If the type is $D_r$ or $B_r$ , the shape is permitted to be of length $r$ with all parts of half integer value. This corresponds to having one spin column at the beginning of the tableau. If several shapes are provided, they currently should all or none have this property.

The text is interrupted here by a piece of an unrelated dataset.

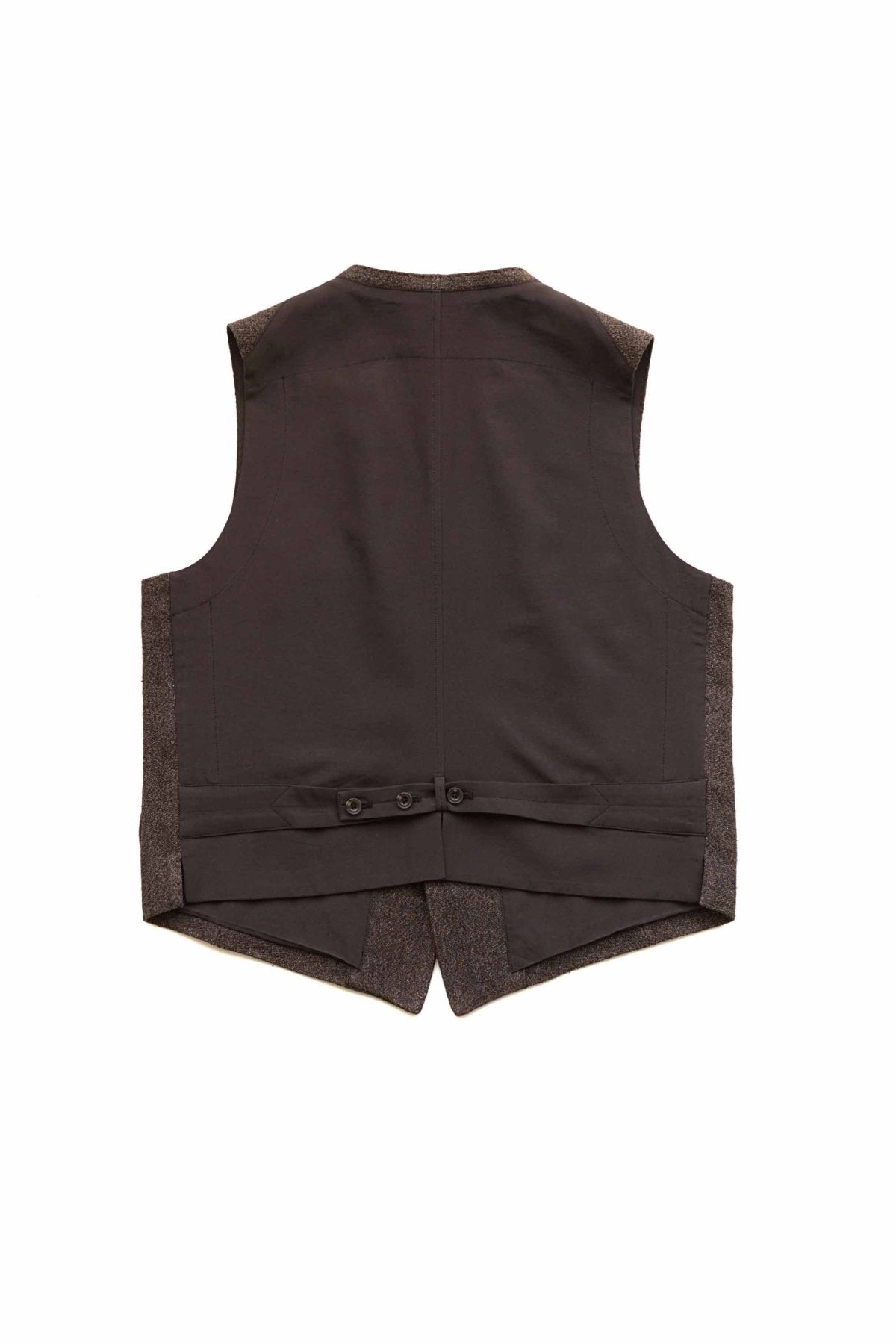 OLD JOE - PLEATED POCKET SPORTING VEST - ESPRESSO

Crystals of tableaux are constructed using an embedding into tensor products following Kashiwara and Nakashima [Kashiwara, Masaki; Nakashima, Toshiki, Crystal graphs for representations of the q-analogue of classical Lie algebras, J. Algebra 165 (1994), no. 2, 295-345.]. Sage’s tensor product rule for crystals differs from that of Kashiwara and Nakashima by reversing the order of the tensor factors. Sage produces the same crystals of tableaux as Kashiwara and Nakashima. With Sage’s convention, the tensor product of crystals is the same as the monoid operation on tableaux and hence the plactic monoid.

See also

sage.combinat.crystals.crystals for general help on crystals, and in particular plotting and LaTeX output.

EXAMPLES:

We create the crystal of tableaux for type $A_2$ , with highest weight given by the partition [2,1,1]:

sage: T = CrystalOfTableaux(['A',3], shape = [2,1,1])

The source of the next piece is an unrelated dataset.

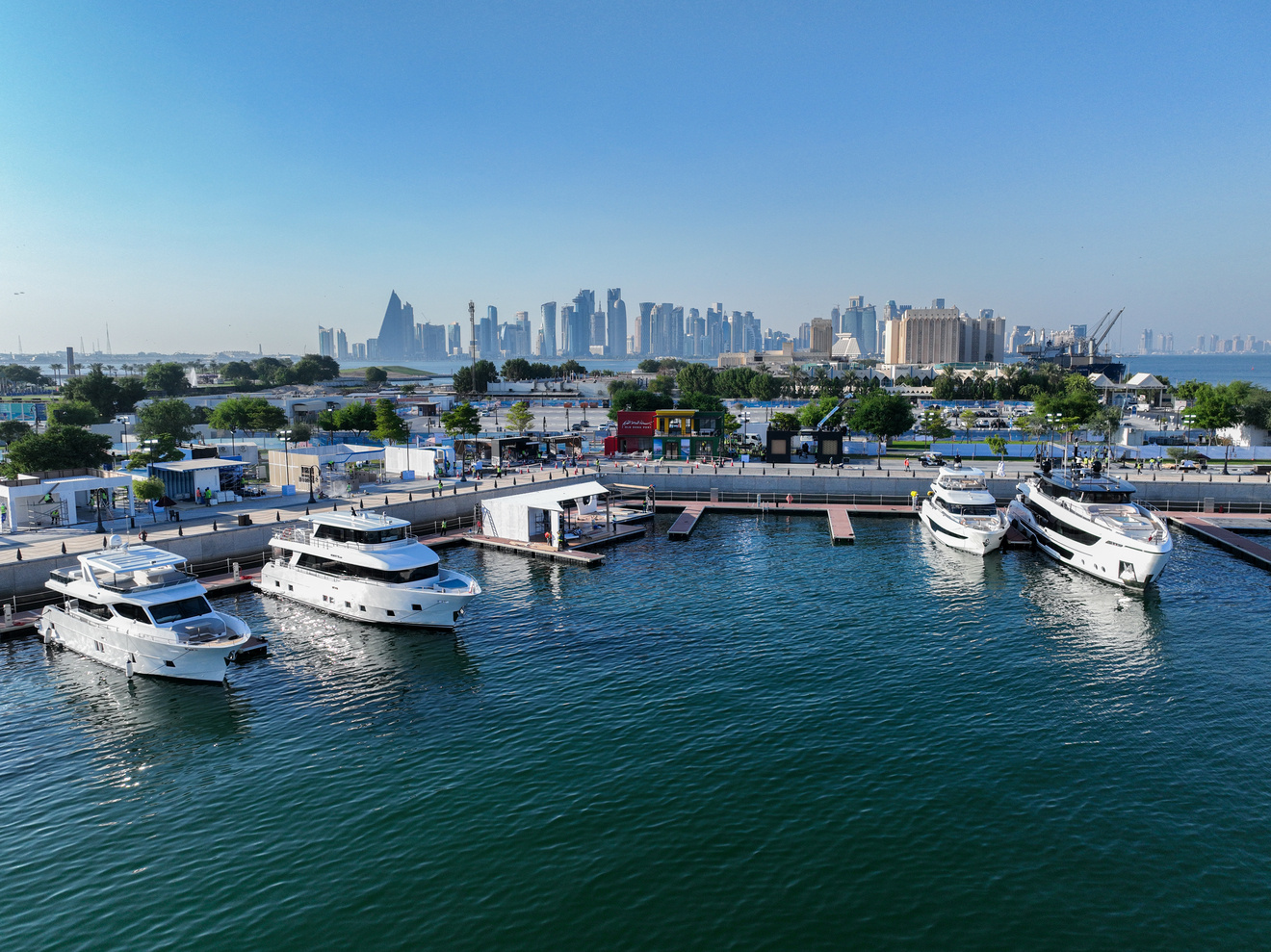 6-Gulf Craft Fleet in Old Doha Port for Qatar Boat Show 2024_1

Here is the list of its elements:

sage: T.list()
[[[1, 1], [2], [3]], [[1, 2], [2], [3]], [[1, 3], [2], [3]],
 [[1, 4], [2], [3]], [[1, 4], [2], [4]], [[1, 4], [3], [4]],
 [[2, 4], [3], [4]], [[1, 1], [2], [4]], [[1, 2], [2], [4]],
 [[1, 3], [2], [4]], [[1, 3], [3], [4]], [[2, 3], [3], [4]],
 [[1, 1], [3], [4]], [[1, 2], [3], [4]], [[2, 2], [3], [4]]]

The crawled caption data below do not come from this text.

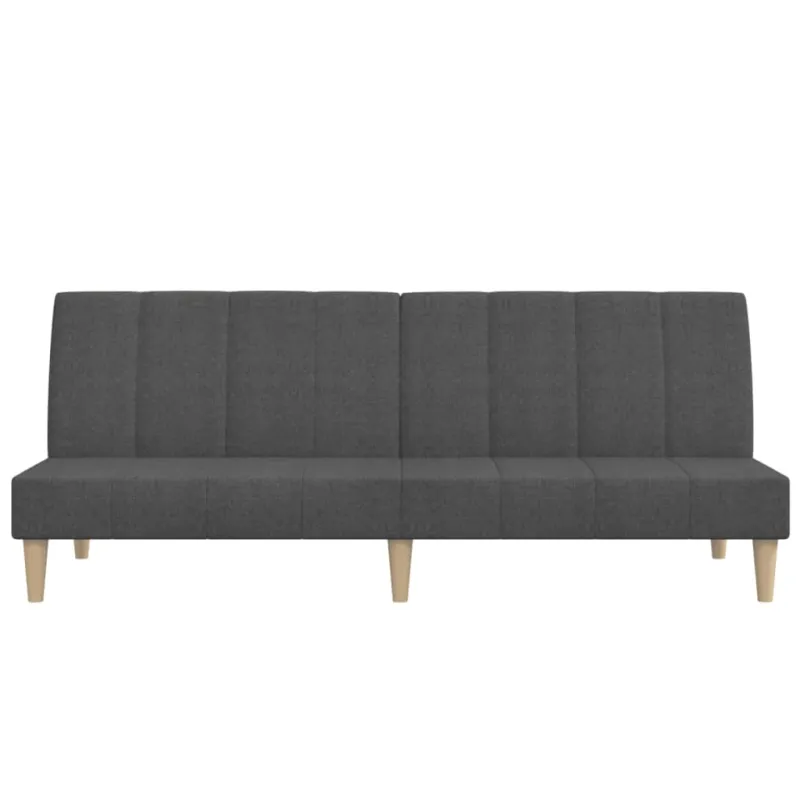 Dvivietė sofa-lova, tamsiai pilkos spalvos, audinys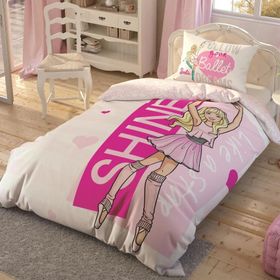 Taç Lisanslı Barbie Ballet Nevresim Takımı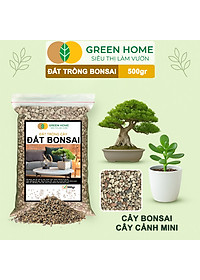Đất Trồng Cây Bonsai Greenhome, Bao 500GR, Promix, Trộn Sẵn, Tiện Dụng, Giữ Ẩm Tốt, Thoáng Khí, Rễ Khoẻ, Thân To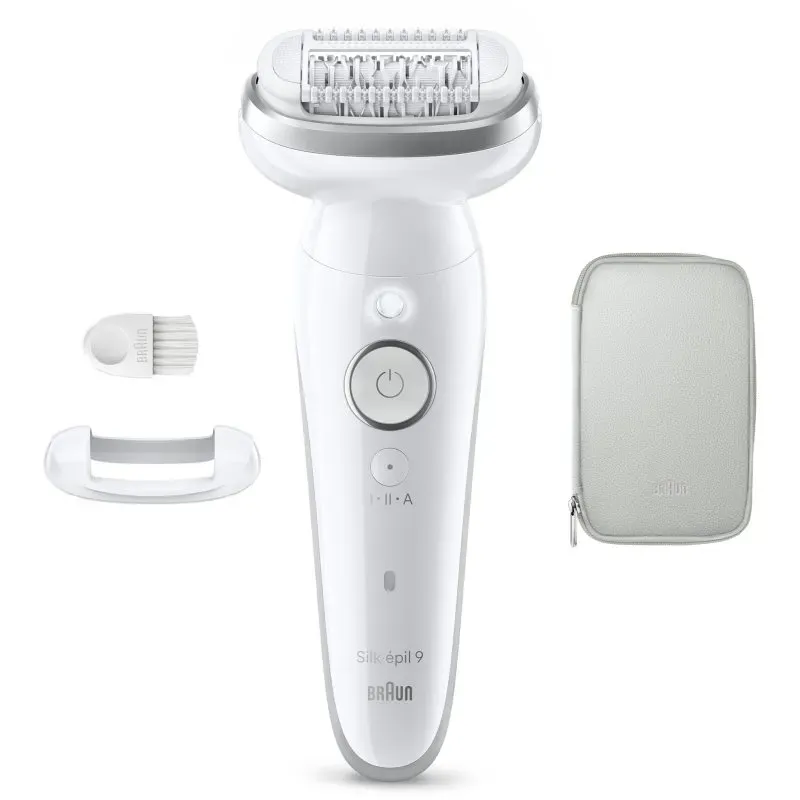Braun Silk-épil 9 9-011 Epilierer mit voll flexiblem Kopf für die Nass- und Trockenrasur 1 St.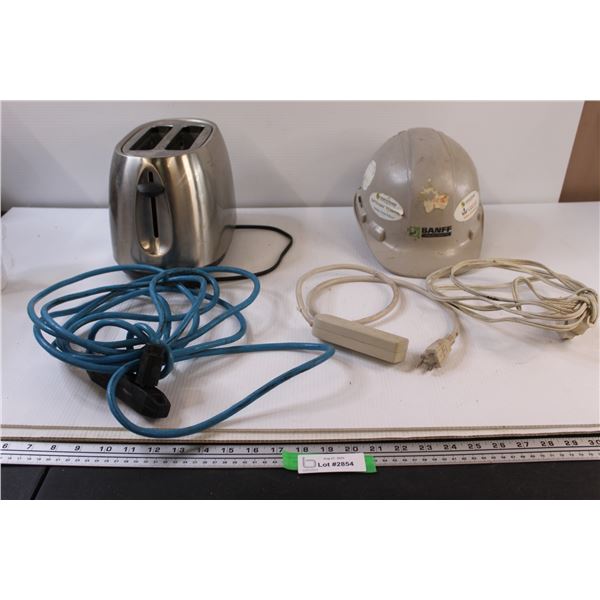 Hamilton Beach Toaster - Untested. Safety Hat, Misc.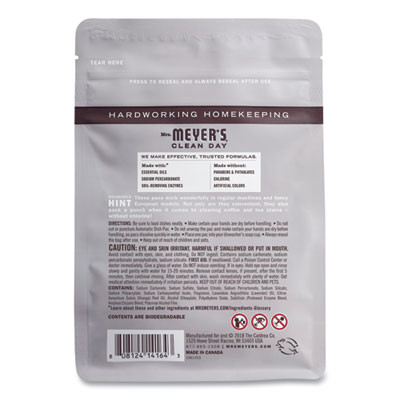 Automatic Dish Detergent, Lavender, 12.7 Oz Pack, 20/Pack, 6 Packs/Carton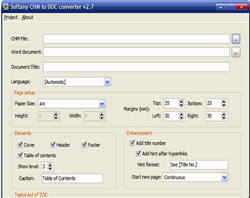 Softany CHM to DOC Converter(CHM转DOC) 2.73 注册版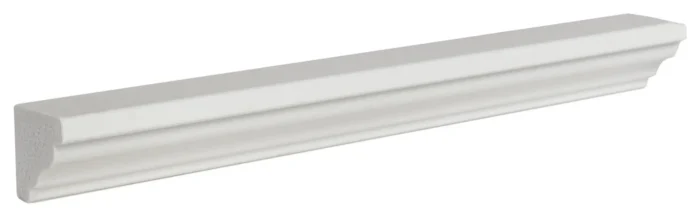 5/8" Face, Plain Recycled Polystyrene Crown Moulding, 6" Long Sample - Image 1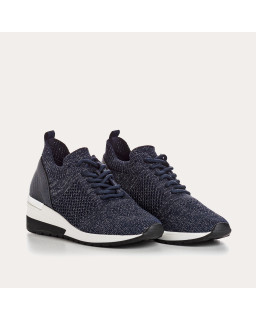 Women's crochet fabric lace top sneakers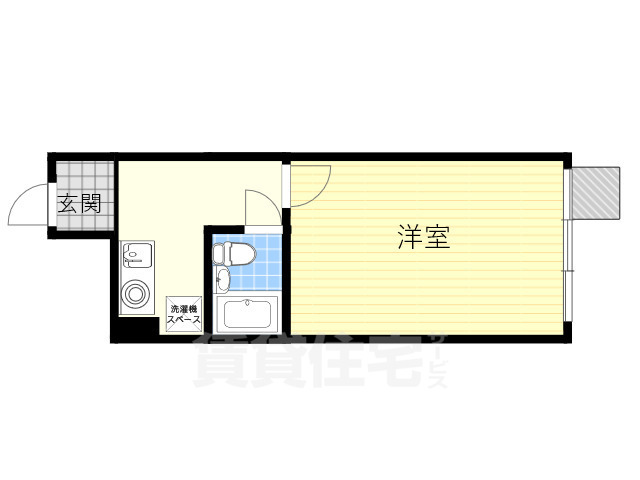 チサンマンション心斎橋の間取り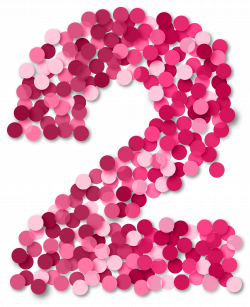 Two 2 Number Pink PNG Clip Art | Gallery Yopriceville ...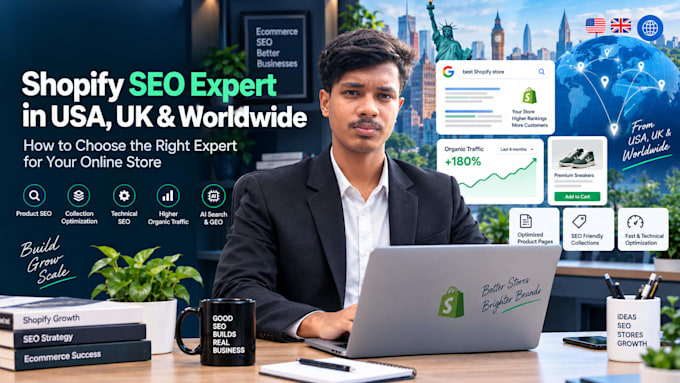 design or customize shopify store with smart SEO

Internally, a tableau of a given Cartan type is represented as a tensor product of letters of the same type. The order in which the tensor factors appear is by reading the columns of the tableaux left to right, top to bottom (in French notation). As an example:

sage: T = CrystalOfTableaux(['A',2], shape = [3,2])
sage: T.module_generators[0]
[[1, 1, 1], [2, 2]]
sage: T.module_generators[0]._list
[2, 1, 2, 1, 1]

To create a tableau, one can use:

sage: Tab = CrystalOfTableaux(['A',3], shape = [2,2])
sage: Tab(rows=[[1,2],[3,4]])
[[1, 2], [3, 4]]
sage: Tab(columns=[[3,1],[4,2]])
[[1, 2], [3, 4]]

FIXME:

do we want to specify the columns increasingly or decreasingly. That is, should this be Tab(columns = [[1,3],[2,4]])

make this fully consistent with Tableau()!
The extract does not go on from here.